Think of that the next time someone tries the Helen Lovejoy Line on you. Kids are much smarter and much savvier about the ways of the world than you give them credit for.

I can’t say there aren’t names on The List that don’t disappoint me. It’s sad to think that Todd “Tank” Pratt’s rise from pizza delivery man to backup catcher was less than genuine. I never would have suspected Paul Lo Duca would have done steroids, and that he’d also be stupid enough to pay for them with a personal check and write thank you notes on Dodger stationery. And I can think of other favorite players who, if they were on The List, would have really upset me.

But disappointment is the price of love. Some objects of your affection meet your expectations, some don’t. Best to concentrate on the former and forget the latter.

Only baseball pretends it’s stainless–and has a fan base that wants to believe it. In football, Shawne Merriman can be suspended for steroid use and still win defensive rookie of the year. No football fan expects its players to be spotless. Outside of Michael Vick-type outrages, they just expect the players to play,

Other than stupid sentimentality, tell me one good reason why baseball can’t be the same way? And I don’t mean by allowing steroid use, or condoning it, or even forgiving it. I mean, let’s not pretend that the game itself has been irreparably damaged every time some rockhead jock decides to ass-stab himself to get a few more inches on his fastball.

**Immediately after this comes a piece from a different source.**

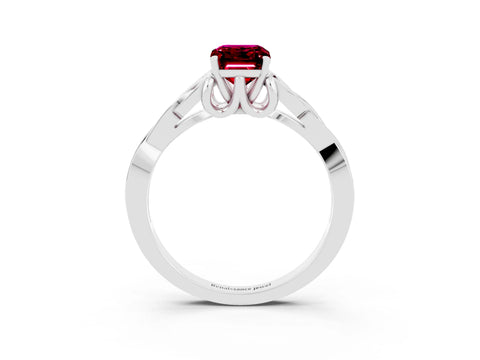 White gold Emerald Cut Garnet Solitaire Engagement Ring with Celtic Knot Band and Four-Prong Setting_3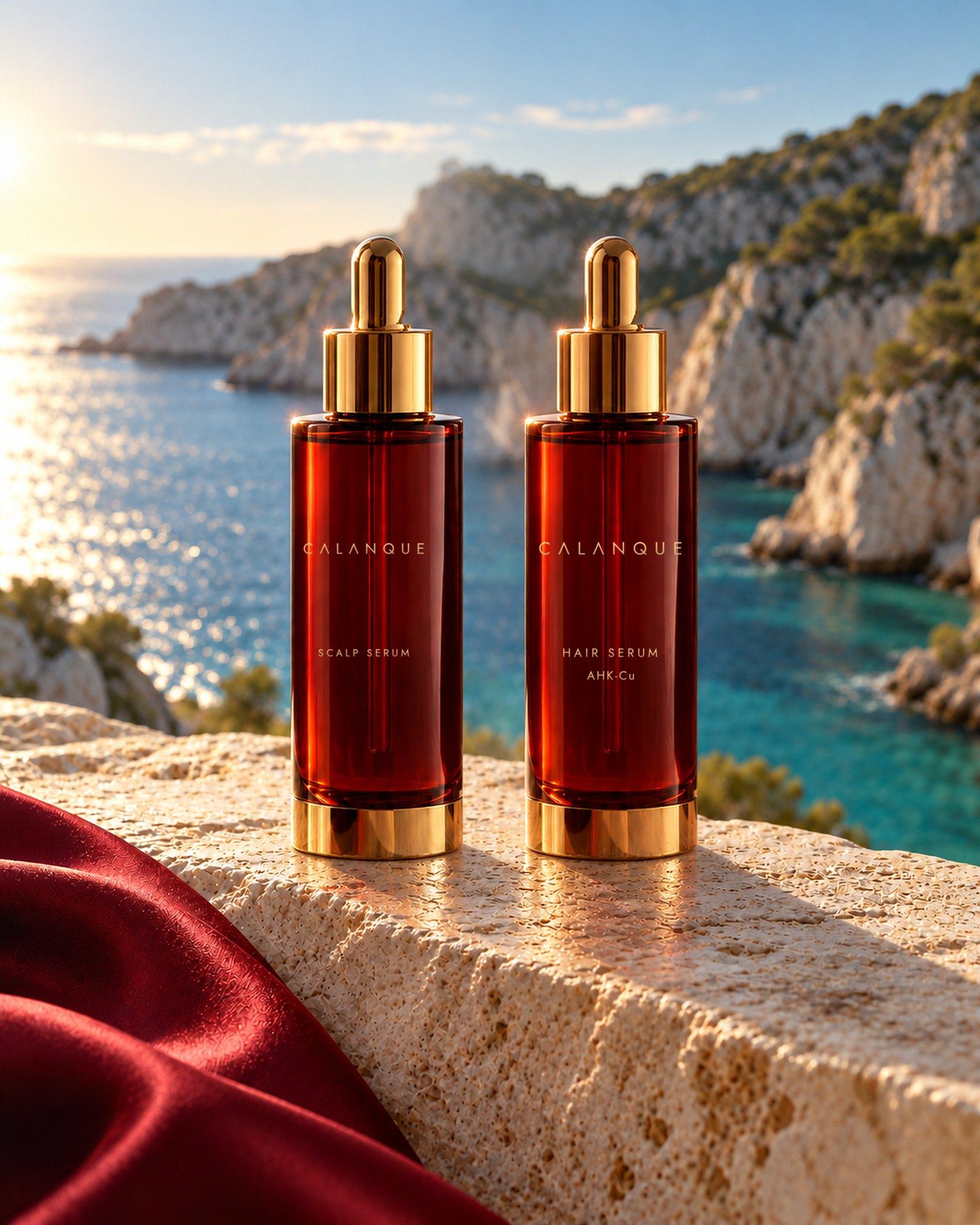 Scalp Serum and Hair Serum side by side on limestone above the sea, morning and night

Give me a sport with shades of gray, seedy underbellies, and nasty secrets. Do not give me the bullshit nostalgia of columnists for a Grand Pristine Era of Baseball that never existed.

And finally, to Roger Clemens: I always knew you were a douchebag, and I only suspected you were a cheat. Now the whole world knows you’re both. If you’re smart, quit the protestations of innocence. Crawl into a hovel with your millions of dollars and stay the fuck away from baseball.

In short, eat shit and die, and if there is a god, death will bring you a special hell where a pitcher who looks eerily like Mike Piazza aims an unending stream of shattered Louisville Sluggers at your unhelmeted dome.